The reporters Capone was willing to talk to had little difficulty getting to him either and they filled column after column with the minutiae of his daily existence. CAPONE GAINS ELEVEN POUNDS . . . CAPONE DOESN'T GO TO CHURCH ON SUNDAYS . . . CAPONE PICKS CUBS TO WIN 1930 FLAG . . . CAPONE READS LIFE OF NAPOLEON. . . . Concerning Napoleon, the following sentiments were ascribed to him: "I'll have to hand it to Napoleon as the world's greatest racketeer, but I could have wised him up on some things. The trouble with that guy was he got the swelled head. He overplayed his hand and they made a bum out of him. He should have had sense enough after that Elba jolt to kiss himself out of the game. But he was just like the rest of us. He didn't know when to quit and had to get back in the racket. He simply put himself on the spot. That made it easy for the other gangs to take him and they were no dumbbells. If he had lived in Chicago, it would have been a sawed-off shotgun Waterloo for him. He didn't wind up in a ditch as a coroner's case, but they took him for a one-way ride to St. Helena, which was about as tough a break."

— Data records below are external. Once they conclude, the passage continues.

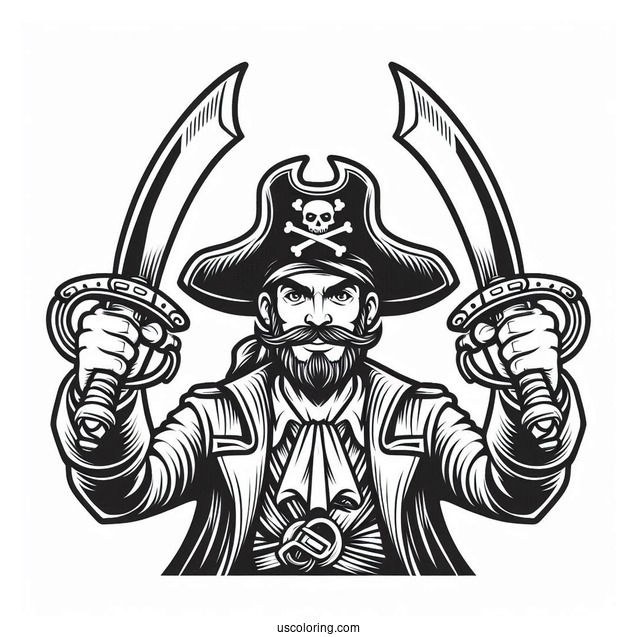 Pirate Coloring Page Holding Up Two Daggers For Kids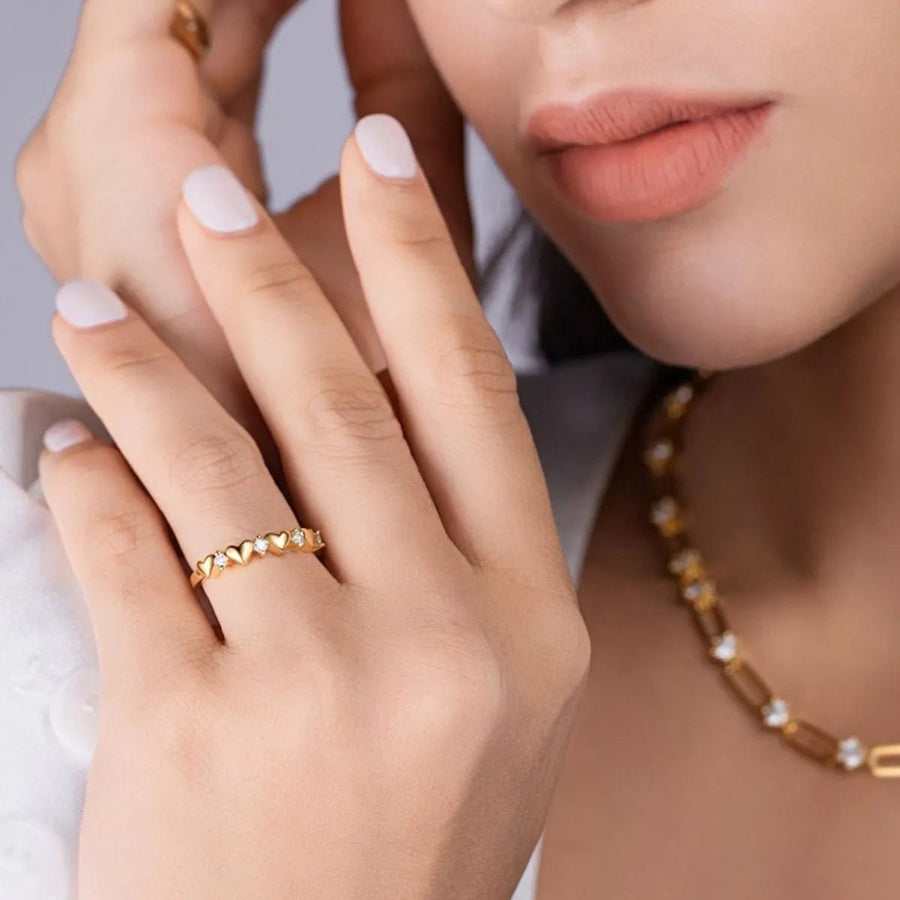 925 Sterling Silver Moissanite Heart Ring - Coolpeacock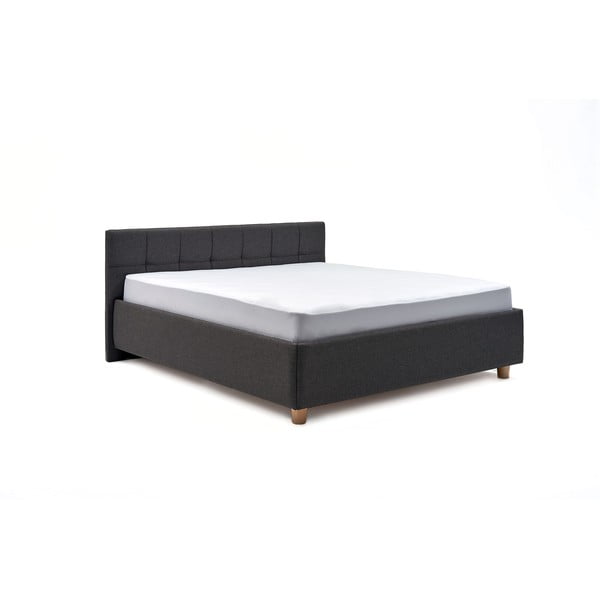 Тъмносиво двойно легло с решетка и място за съхранение Leda, 160 x 200 cm - ProSpánek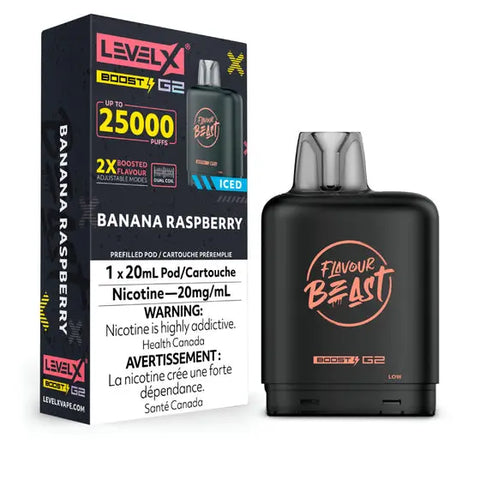 Level X Flavour Beast Boost G2 Pod - Banana Raspberry (Ice)| Vape Cloud Canada Pacific Smoke    Vape Cloud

His views on a wide range of weighty issues were accorded equally serious attention. The modern woman, for example. "The trouble with women today is their excitement over too many things outside the home. A woman's home and her children are her real happiness. If she would stay there, the world would have less to worry about the modern woman."

Though he looked forward ardently to his wife's visits, he could not, he told one interviewer, bear to have his son see him in prison. "My boy thinks I'm in Europe. Whenever he sees a picture of a big boat, he asks his mother if it's bringing Daddy home."